Küçük şeyler yapıyorum ben mutlu olabilmek için. Üç haftadır evde yoğurt yapıyorum mesela. Bir haftada bir tencere yoğurdu tüketiyoruz. Her öğün yoğurt yiyebilirim. O kadar çok severim. Kocam ve ben yiyoruz sadece. Bizim gençler ezelden beri süt, yoğurt ve peynir yemezler. Oysa beslenmelerine düşkünler. Bugün, peki siz kalsiyumu nerden alıyorsunuz, diye sordum. Su'dan alıyorum dedi Taylan. Sonra benim yaptığım yoğurdu tatmadığı için benim üzüleceğimi düşünmüş olmalı ki, bir kaşık yoğurt aldı, mhhh güzelmiş, dedi. Ama ikinci kaşığı almadı. Bende görmemizlikten geldim. Zorla yenmez hiç bir şey. Zorla ne olmuş ki? 

Eğer yaşasaydı, yoğurt mayalamaktan mutlu olduğumu  nineme anlatsaydım eğer, ağzıyla değil burnuyla gülerdi. Benim ninem, evet kıçı ile değil, böyle durumlara burnu ile gülerdi. Burnu ve genzi ile. Birde başını ya sağa ya sola çevirirdi alaycı bir şekilde. Genetik bir şey herhalde, ben ve kardeşlerimde böyle acayip şekilde güleriz bazen. Peki ninem neden gülerdi? Çünkü onun için yoğurt, peynir, tereyağı yapmak günlük yapılması gerekendi. Bunu lafı bile olmazdı. Ama günümüzde öyle mi? Teknoloji çağında yoğurt yapmak mutlu ediyor işte beni. 

Fotoğraf çekmek çok mutlu ediyor birde. Gördüklerimi herkes görsün diye instagrama yöneliyorum. Hergün bir bir fotoğraf yüklemezsem fotoğraflarıma ayıp etmiş gibi hissediyorum. 

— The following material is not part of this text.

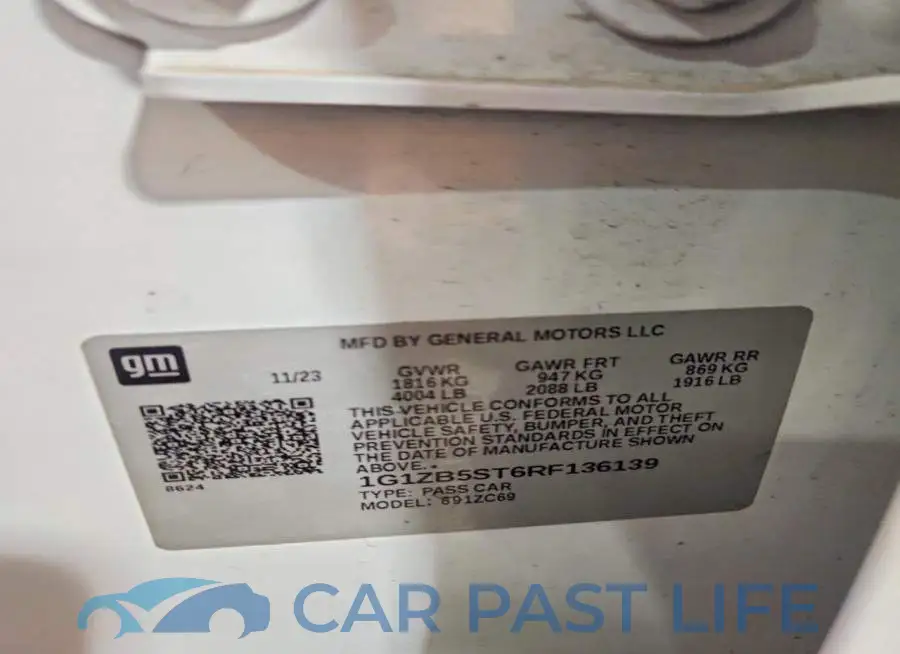 1G1ZB5ST6RF136139# 13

Ben çok kitap okuyan biri değilim. Utanarak yazıyorum. Ama hiç okumayan biride değilim. Bir yılda yüz küsür kitap okumam mesela. Bu çok daha azdır. Dolayısı ile kitaplardan söz etmem mesela.. Bir kitap oluyorsam doya doya, hissede hissede okumak isterim. Okurken, kitapta adı geçen insanların, ne hissettikleri, nasıl yaşadıkları, akşam yemeğinde nasıl bir masada oturdukları, ne içtikleri, radyoda ne dinlediklerini hissedebiliyorsam, işte o kitap benim için bir dünya oluyor. Bu hissi "Ela Gözlü Pars Celile" Kitab'ında yaşıyorum. Nazım Hikmet'in bebekliğini, annesini babasını, yaşadığı dönemlerini bu sonbahar günlerinde okumak beni yaşadığım kentin dışına taşıyor. Bitmesin diye ağır ağır okur musunuz sizde bir kitabı? Bitmesin istiyorum. Celile'yi çok sevdim ben. 1902 lerde üstelik. Nazım Hikmet'in bebekliğini okumak hoşuma gidiyor. Nazım Hikmet boşuna Nazım Hikmet olmamış. Yada Tesadüfen olmamış. Bence öyle olması gerekmiş zaten. Etrafında hep, ressamlar, şairler.. Ama azda acılar yaşamamış hani? Işte bugün benim bedenim Bern'deydi ama ruhum Selanik'teydi. Sonra İstanbul'a gitti Celile ile birlikte. En son bilinçsizce yürüdüğüm Beşiktaş, Akaretler yokuşunda, yeniden dolaştığım bugün bu kitapla. Ama bilinçli oldu bu sefer. Akaret ne demek onu öğrendim. Akaret, kiraya verilerek gelir kazanılan ev, dükkan gibi konutlara denirmiş. Ben bir kitap okurken öğrenmeyi seviyorum. Örneğin, Serenad Kitab'ında Struma gemisini öğrenmiştim. Kristal gece yi keza o kitapta öğrendim. Oysa kristal geceyi bilmeyen yokmuş. Ama Struma gemisini bilmeyen çokmuş.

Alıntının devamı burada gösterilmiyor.